➕ Théologie naturelle et zoologie sacrée

Wolfgang Frantze, Samuel Bochart et Johann-Jakob Scheuchzer s’efforçaient de concilier les découvertes archéologiques et scientifiques de leur temps et le texte biblique. Puisqu’il y avait des licornes dans la Bible, il devait y en avoir dans le monde.

La création d’Ève, gravure ornant la dernière page de l’Historiæ Animalium de Conrad Gesner. Bibliothèque universitaire de Strasbourg

Les auteurs des premiers traités de zoologie des XVIe et XVIIe siècle, les Gesner ou Aldrovandi, faisaient certes grand cas des sources bibliques, mais elles n’étaient pas leur sujet principal. Il nous faut donc glisser quelques mots d’une école un peu particulière de l’histoire naturelle naissante, la zoologie sacrée, l’une des branches de la théologie naturelle, qui cherchait dans la Bible la vérité de toute la création, et dans la création le reflet de toute la Bible.

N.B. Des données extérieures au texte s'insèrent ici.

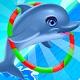 Dolphin Games
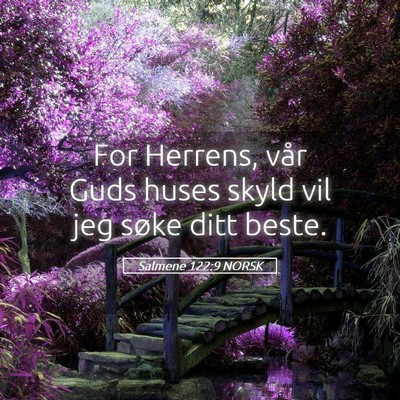 Picture 05 - Salmene 122:9 NORSK - For Herrens, vår Guds huses skyld vil jeg søke - Bible Verse Picture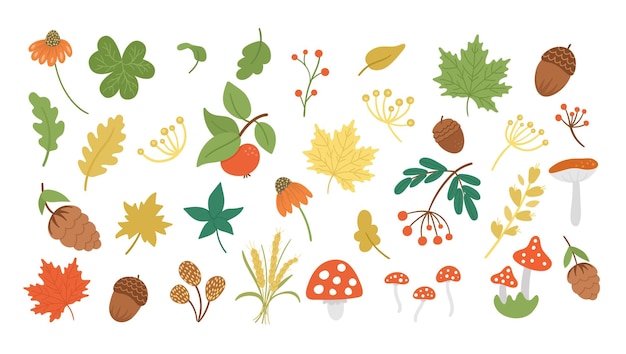 Vector set van schattige herfst kruiden, planten. Collectie met bladeren, appel, eikels, kegels. Herfstgroen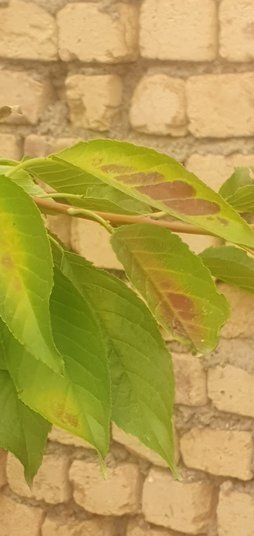 برگ قهوه ای گیلاس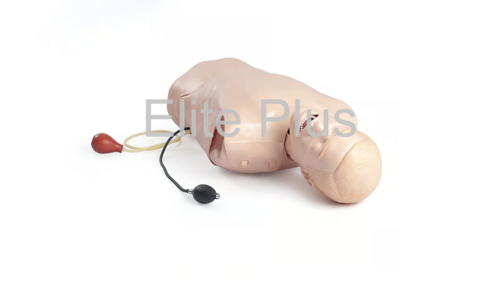 Deluxe Difficult Airway Trainer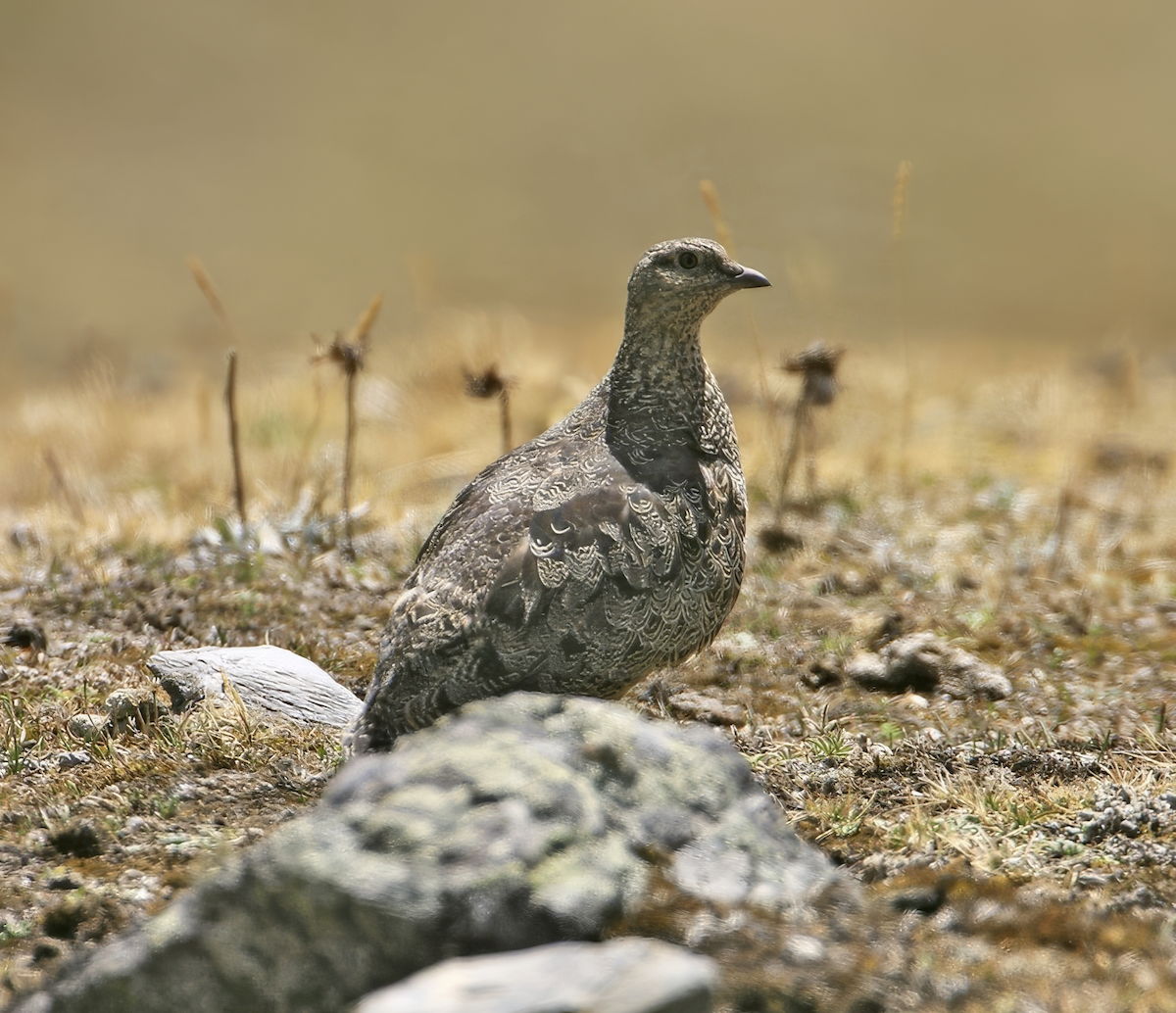 rustrypesnipe - ML620427763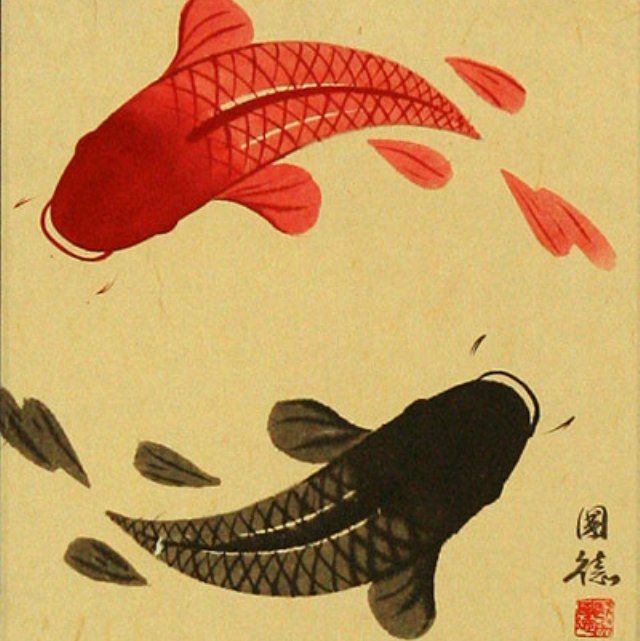 Блюда из живых животных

Wolfgang Frantze, Animalium Historia Sacra, 1654

La première édition de l’Animalium Historia Sacra du théologien allemand Wolgrang Frantze est parue en 1613. L’auteur de ce long traité, fréquemment réédité et traduit en anglais en 1670 sous le titre The History of Brutes, est très embêté par le reem (רְאֵם) hébreu, que la bible des Septante avait traduit par monoceros, et la Vulgate tantôt par unicornis, tantôt par rhinoceros. Tandis que les autres entrées de la partie consacrée aux quadrupèdes sont chacune consacrée à un animal – l’éléphant, le chameau, le lion, etc. – un même chapitre de quelques pages traite de rhinocerote et monocerote. Son contenu est assez déroutant, le théologien ne parvenant pas à décider clairement si les deux animaux sont identiques, puisqu’ils portent le même nom dans la Bible, ou s’ils sont différents, puisqu’ils n’ont pas vraiment la même silhouette et que certains rhinocéros ont deux cornes.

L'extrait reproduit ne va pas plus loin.